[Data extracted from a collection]
((

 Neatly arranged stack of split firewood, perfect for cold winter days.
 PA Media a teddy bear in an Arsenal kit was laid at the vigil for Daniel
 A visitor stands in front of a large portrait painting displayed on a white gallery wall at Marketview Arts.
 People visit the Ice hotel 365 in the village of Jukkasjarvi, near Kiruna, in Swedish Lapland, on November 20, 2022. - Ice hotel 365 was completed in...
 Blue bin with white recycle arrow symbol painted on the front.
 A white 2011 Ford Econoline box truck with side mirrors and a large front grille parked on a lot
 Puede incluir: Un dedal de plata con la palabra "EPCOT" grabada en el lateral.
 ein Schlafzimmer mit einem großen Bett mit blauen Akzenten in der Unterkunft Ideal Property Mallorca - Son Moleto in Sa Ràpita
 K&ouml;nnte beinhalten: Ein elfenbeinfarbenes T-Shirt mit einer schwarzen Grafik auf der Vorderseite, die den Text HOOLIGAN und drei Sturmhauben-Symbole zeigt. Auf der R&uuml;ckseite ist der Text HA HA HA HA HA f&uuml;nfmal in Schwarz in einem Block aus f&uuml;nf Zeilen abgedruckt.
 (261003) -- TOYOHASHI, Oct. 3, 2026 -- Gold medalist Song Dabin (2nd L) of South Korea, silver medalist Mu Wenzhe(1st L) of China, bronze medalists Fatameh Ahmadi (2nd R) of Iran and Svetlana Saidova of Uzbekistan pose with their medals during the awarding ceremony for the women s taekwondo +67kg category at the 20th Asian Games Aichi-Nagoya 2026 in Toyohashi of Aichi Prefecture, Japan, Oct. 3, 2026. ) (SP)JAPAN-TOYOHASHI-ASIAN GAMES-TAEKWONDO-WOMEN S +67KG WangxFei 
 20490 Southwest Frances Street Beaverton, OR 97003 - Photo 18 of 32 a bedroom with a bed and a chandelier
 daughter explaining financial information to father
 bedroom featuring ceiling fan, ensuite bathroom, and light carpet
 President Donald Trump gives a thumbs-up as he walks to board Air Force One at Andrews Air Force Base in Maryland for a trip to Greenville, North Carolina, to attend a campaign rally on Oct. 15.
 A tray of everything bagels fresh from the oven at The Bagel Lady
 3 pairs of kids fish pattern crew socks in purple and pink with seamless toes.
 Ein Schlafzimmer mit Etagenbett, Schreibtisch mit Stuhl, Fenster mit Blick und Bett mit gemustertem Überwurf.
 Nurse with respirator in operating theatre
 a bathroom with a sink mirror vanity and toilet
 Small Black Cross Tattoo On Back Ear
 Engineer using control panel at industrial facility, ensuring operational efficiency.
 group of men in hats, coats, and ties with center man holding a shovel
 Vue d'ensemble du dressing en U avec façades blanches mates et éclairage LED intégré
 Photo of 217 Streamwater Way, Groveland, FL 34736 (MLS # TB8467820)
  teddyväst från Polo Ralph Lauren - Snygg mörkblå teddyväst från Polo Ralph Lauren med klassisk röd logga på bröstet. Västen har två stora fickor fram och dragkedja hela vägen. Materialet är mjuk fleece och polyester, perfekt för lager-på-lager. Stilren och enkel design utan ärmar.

))

| Exercise |
Check every line of the data above for the string "bathroom", and copy those that have it.

| Task output |
 bedroom featuring ceiling fan, ensuite bathroom, and light carpet
 a bathroom with a sink mirror vanity and toilet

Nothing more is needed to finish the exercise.